Singapore’s Financial Center
Source: U.S. Department of State
Last week the trade promotion agency reported that Singapore’s exports climbed 31.2% in August (on a yearly basis). And then Singapore (Asia’s second smallest country) recently ranked number 5 on Forbes list of best countries for business. But the big news is that it might end up ranking first for economic growth by the end of this year. GDP expanded 17.9% in the first half of this year, and projections of 13 to 15% for full year growth would beat both China and India (the government has increased its GDP forecast three times this year).
And where will this growth come from? Manufacturing is projected to climb 28.7% in 2010, and exports are estimated to pick up 19.5%. Private consumption is on track to gain 5.8%... and the jobless rate is expected to fall to 2.2%. And another very telling number: the country has nearly doubled the rate at which it grants citizenship and residence to foreigners over the last five years to allow companies to expand (and to counter falling birth rates).
But the news isn’t all good. Based on purchasing manufacturers indices, companies are slowing purchases in anticipation of lower demand going forward. And of course, lower export demand could hamper growth. And yes, exports are up, but last month’s spike was helped by a 64.7% jump in pharmaceutical exports (an industry which tends to be volatile). And there is lingering concern about a bubble forming in the property market: according to the Urban Redevelopment Authority, 14,688 homes were sold last year…almost touching the 2007 record of 14,811. And in the first half of this year, property sales totaled 8,400.

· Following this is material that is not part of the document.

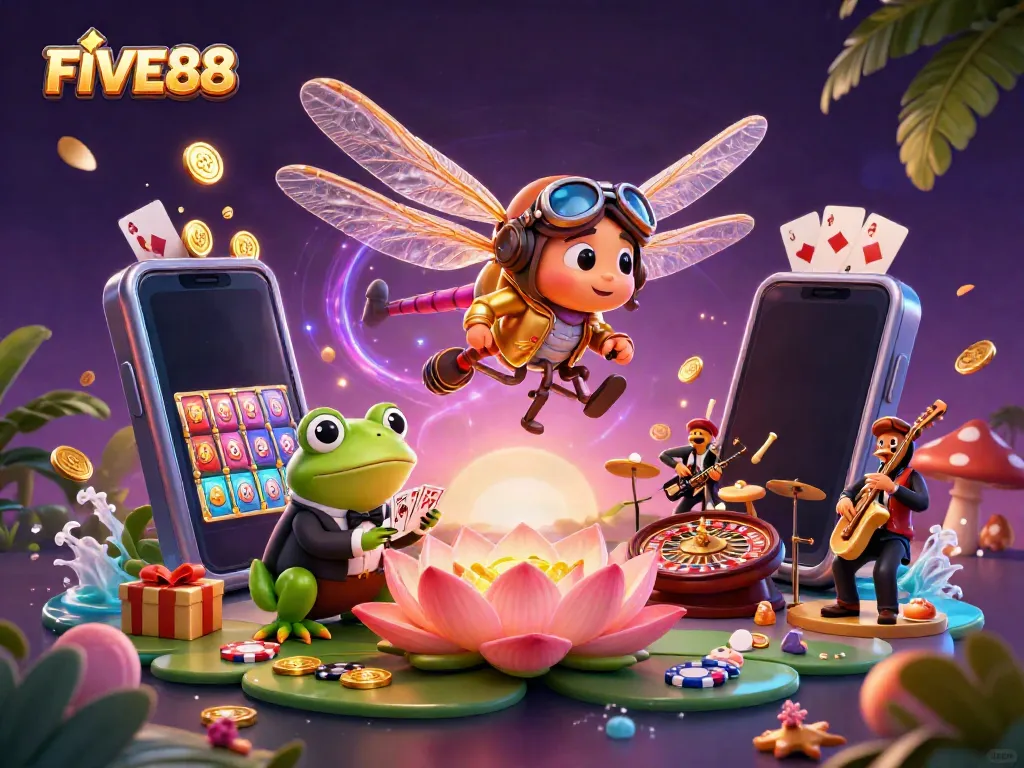 Experience the excitement of FIVE88 with a vibrant dragonfly pilot and frog croupier in action at the lily pad casino.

But the government is trying to calm speculation in the property market: last month regulators enforced a stamp duty on property sold within three years of purchase, and the loan to property value ratio on second mortgages is now set at 70% (as opposed to 80% previously). And economists expect building to be less robust than originally estimated: projections for construction growth were reduced to 10% for this year.
Still, the Singapore government is confident about the outlook for growth: the Prime Minister recently said that the country will spend S$60 billion to double its railway system. And investors are confident, too. Bond sales have been ramping up: this year issuers have raised $14.1 billion, topping 2001’s record $13.2 billion notes, according to Bloomberg.
The bottom line: Singapore is a good opportunity for investors seeking overseas exposure. Take a look at iShares MSCI Singapore Index (EWS): this ETF's top holdings are in financial services (economists expect growth in this sector of 10.6% this year), consumer goods and telecommunication.